When officers came to arrest defendant at his home, their finding two others at the house justified a protective sweep, and a gun was in plain view. Also, defendant agreed to warrantless searches of his home as a condition of house arrest, and it was a valid condition and consent. United States v. Yeary, 740 F.3d 569 (11th Cir. 2014):

The choice Yeary faced—in-house arrest on the terms outlined in the ACU agreement or jail—is not all that different from those we have held to be voluntary in the context of run-of-the mill consent searches. For example, we upheld a search where police officers presented the defendant with the choice of consenting to the search or having his house “dug up” once a search warrant was obtained. See United States v. Long, 866 F.2d 402, 405 (11th Cir. 1989) (“Even if the officers stated that they could come back and ‘dig the place up,’ such a statement does not amount to coercion. [The defendant] was free to force the agents to obtain a search warrant and, if at that time, he did not want ‘his whole place dug up,’ [he] could have cooperated.”). Similarly, we have found consent to be voluntary where fourteen police officers were present at the defendant’s house when they arrested and handcuffed him and where the officers refused to accept the defendant’s conditional consent to search only the part of the house, stating they would instead obtain a search warrant unless the defendant consented to a full search. See United States v. Garcia, 890 F.2d 355, 360-62 (11th Cir. 1989). Still another case that supports our conclusion that the consent in this case was voluntary is United States v. Espinosa-Orlando, 704 F.2d 507 (11th Cir. 1983). In Espinosa-Orlando, the defendant was pulled over by officers on suspicions that he was transporting drugs. Id. at 510. With guns drawn, four officers ordered the defendant to get out of his car and lie on the ground. Id. Three of the officers holstered their guns while the other pointed the gun elsewhere; then one of the officers asked for the defendant’s consent to search the car. Id. at 513. The defendant consented, and we held that the consent was voluntary and uncoerced. Id.
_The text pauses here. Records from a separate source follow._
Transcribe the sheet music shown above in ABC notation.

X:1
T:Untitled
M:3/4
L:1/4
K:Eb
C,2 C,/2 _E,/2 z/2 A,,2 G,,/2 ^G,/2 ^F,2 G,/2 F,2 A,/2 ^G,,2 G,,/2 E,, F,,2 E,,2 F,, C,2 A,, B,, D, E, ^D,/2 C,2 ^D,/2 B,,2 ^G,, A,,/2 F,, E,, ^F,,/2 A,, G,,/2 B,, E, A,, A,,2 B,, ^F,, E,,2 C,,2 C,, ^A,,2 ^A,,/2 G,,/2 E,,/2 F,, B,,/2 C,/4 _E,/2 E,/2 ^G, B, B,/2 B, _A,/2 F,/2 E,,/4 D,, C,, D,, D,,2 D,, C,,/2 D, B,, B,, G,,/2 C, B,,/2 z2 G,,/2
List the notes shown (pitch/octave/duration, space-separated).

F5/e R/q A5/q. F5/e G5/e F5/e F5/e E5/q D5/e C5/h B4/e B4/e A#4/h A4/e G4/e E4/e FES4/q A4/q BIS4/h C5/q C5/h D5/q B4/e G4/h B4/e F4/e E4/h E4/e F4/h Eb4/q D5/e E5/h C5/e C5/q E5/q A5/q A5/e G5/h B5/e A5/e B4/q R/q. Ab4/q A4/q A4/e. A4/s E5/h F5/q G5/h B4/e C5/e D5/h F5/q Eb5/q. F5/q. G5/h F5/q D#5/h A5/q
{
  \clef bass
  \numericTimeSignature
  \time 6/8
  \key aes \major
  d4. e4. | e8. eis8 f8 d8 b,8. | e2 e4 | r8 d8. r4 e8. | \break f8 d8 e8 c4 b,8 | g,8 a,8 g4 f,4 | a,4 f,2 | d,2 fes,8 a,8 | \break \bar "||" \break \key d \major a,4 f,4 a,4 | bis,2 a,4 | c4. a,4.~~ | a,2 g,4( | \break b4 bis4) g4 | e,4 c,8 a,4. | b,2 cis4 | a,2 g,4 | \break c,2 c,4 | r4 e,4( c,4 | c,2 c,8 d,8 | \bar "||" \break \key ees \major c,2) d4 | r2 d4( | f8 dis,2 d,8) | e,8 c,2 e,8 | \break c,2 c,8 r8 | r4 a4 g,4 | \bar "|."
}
From these cases it becomes clear that Yeary was hardly faced with the Hobson’s choice he presents. He was not entitled to release on bail; given his criminal history, his risk of flight, and his threat to kill Kline, the court had more than ample grounds to detain him pending trial. Viewed in this light, we find entirely reasonable the court’s requirement that, if he desired in-house arrest rather than detention in jail, Yeary would have to consent to warrantless searches of his residence. In short, the imposition of the condition does not amount to coercion sufficient to render Yeary’s consent invalid.